Et pour elle, il n'y aura désormais plus que lui. «Après ce court séjour en Belgique, je suis rentrée en Espagne où j'habite depuis près de dix ans, mais j'ai emporté Mounir dans mon coeur», continue Wafya Ben Fares. Commencent alors plusieurs semaines de coups de téléphone et de chat sur le Net, avant que Mounir décide de se rendre à Madrid. «J'y ai passé mes congés de fin d'année et cela m'a donné l'occasion de rencontrer ses parents. Ce furent des moments magiques. Quand je suis revenu de là, j'étais devenu complètement fou d'elle. Il était déjà évident que nous étions faits pour vivre ensemble. »
En février 2009, c'est Wafya qui fait le déplacement en Belgique. Cette fois, elle est accompagnée de ses parents qui rencontrent ceux de Mounir. Tout le monde est d'accord pour entamer les démarches auprès de l'administration communale de Forest en vue d'un mariage espéré pour l'été. Mounir raconte : «Avec Wafya et ses parents, on a donc entamé les démarches. On était alors au début du mois de mars 2009 et nous avons eu besoin de plusieurs semaines pour rassembler tous les documents nécessaires. Fin mai, nous avions tout. Une date a été réservée pour le grand jour.
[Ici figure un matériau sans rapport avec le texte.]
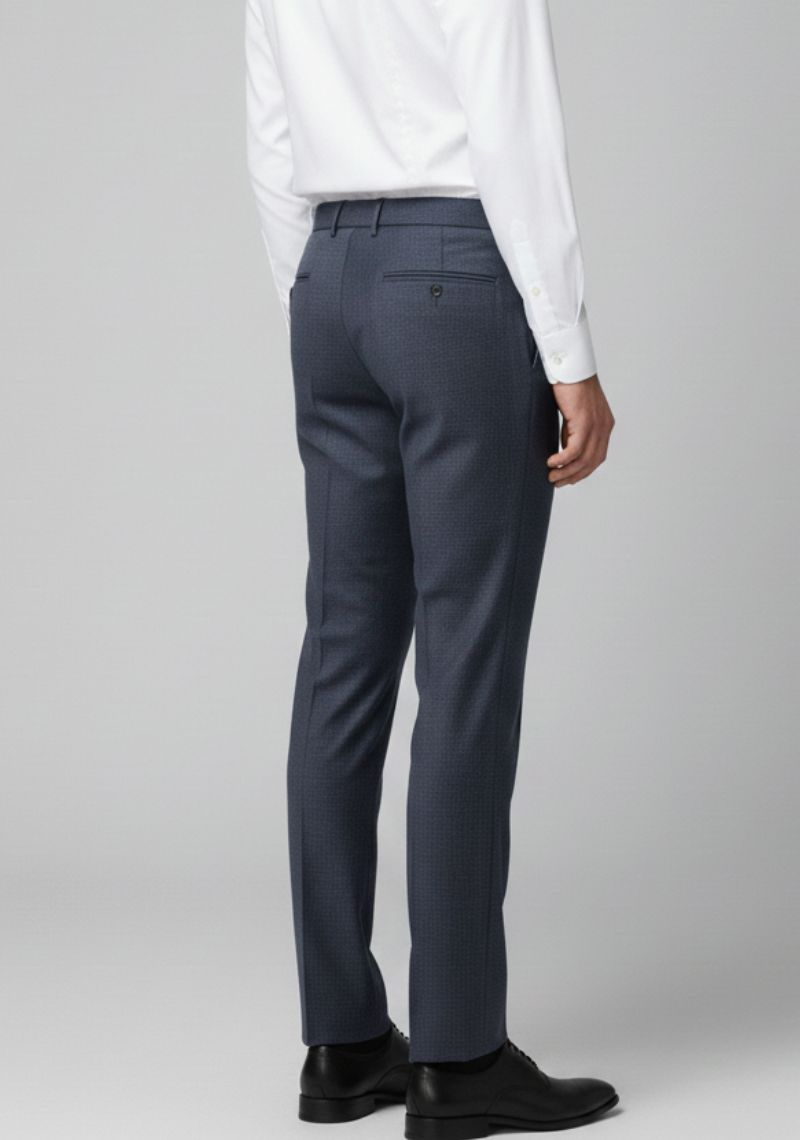 FORMAL PANT (SL)-DARK BLUE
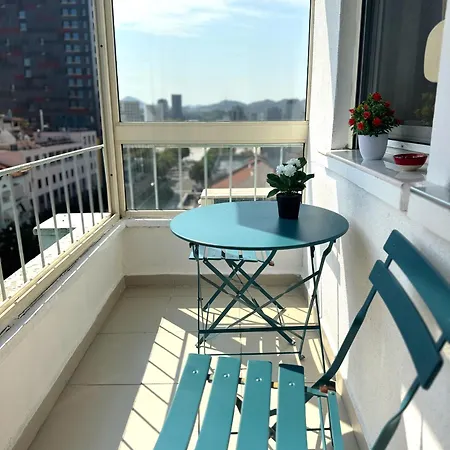 Square View 公寓 地拉那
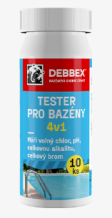 Cranit Tester pro bazény 4v1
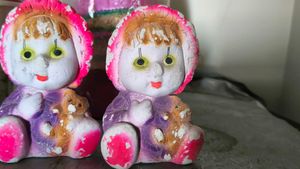 Vintage Ceramic Dolls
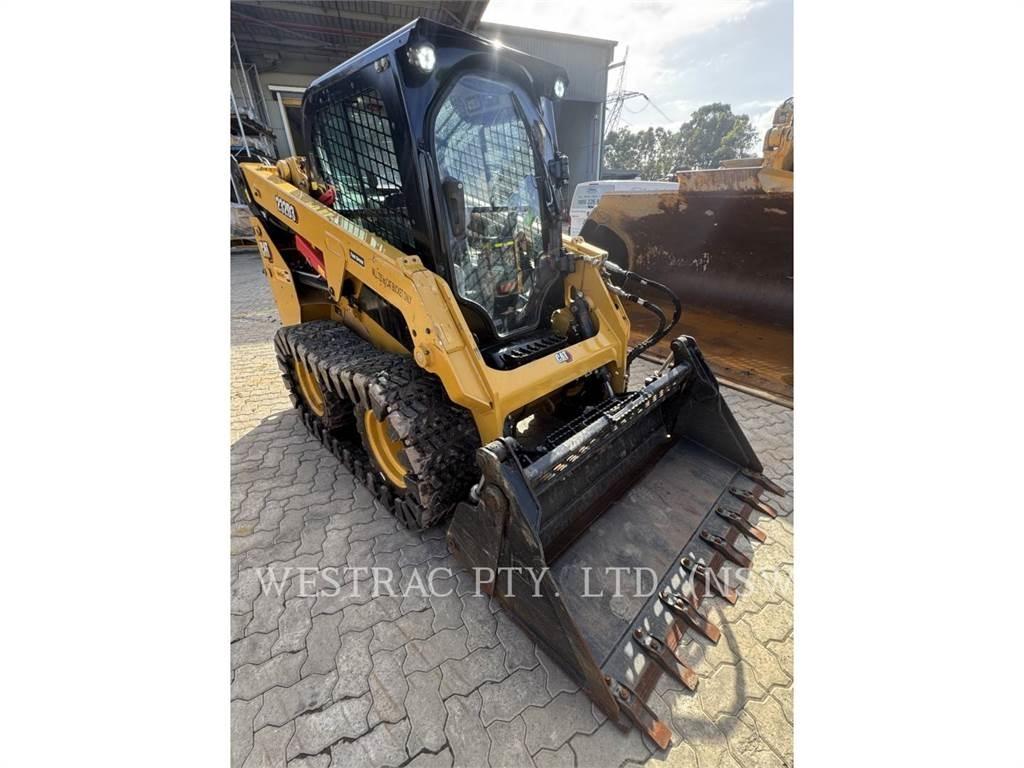 CAT 232D3LRC Liukuohjatut kuormaajat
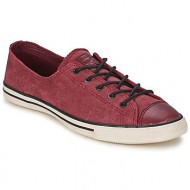  xαμηλά sneakers converse ctas fancy leather ox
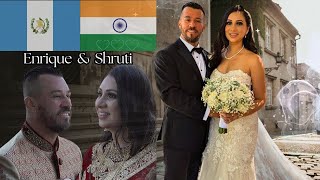 Así es una boda de dos culturas unidas por el AMOR | Guatemalteco casado con una India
Ce devait être le 3 juillet 2009 mais, à notre grande surprise, le 8 juin, nous avons reçu un recommandé de la commune nous annonçant que le mariage ne pourrait avoir lieu ! C'était une catastrophe, en plus d'un affront. Je ne l'ai toujours pas digéré et je maintiendrai, en utilisant toutes les voies de droit possibles, le projet d'un jour me marier dans l'hôtel de ville de la commune où j'habite depuis si longtemps ! »
Pour éviter toute ambiguïté, précisons immédiatement que, dans cette affaire, il n'a jamais été question de suspicion de mariage blanc; Il n'y a pas d'enjeux en termes de « papiers » ou même sur le plan économique dans le projet d'installation en Belgique de Wafya. Juste un mobile amoureux : «Voilà plus de dix ans que mes parents ont refait leur vie en Espagne. Notre famille y bénéficie d'une existence agréable. D'ici quelques mois, j'aurai la nationalité espagnole et, à Madrid comme à Bruxelles aujourd'hui, j'avais un travail à temps plein... A vrai dire, j'espère convaincre un jour Mounir de vivre là-bas. Pour commencer, en Espagne, il fait déjà moins froid qu'ici », dit la jeune femme.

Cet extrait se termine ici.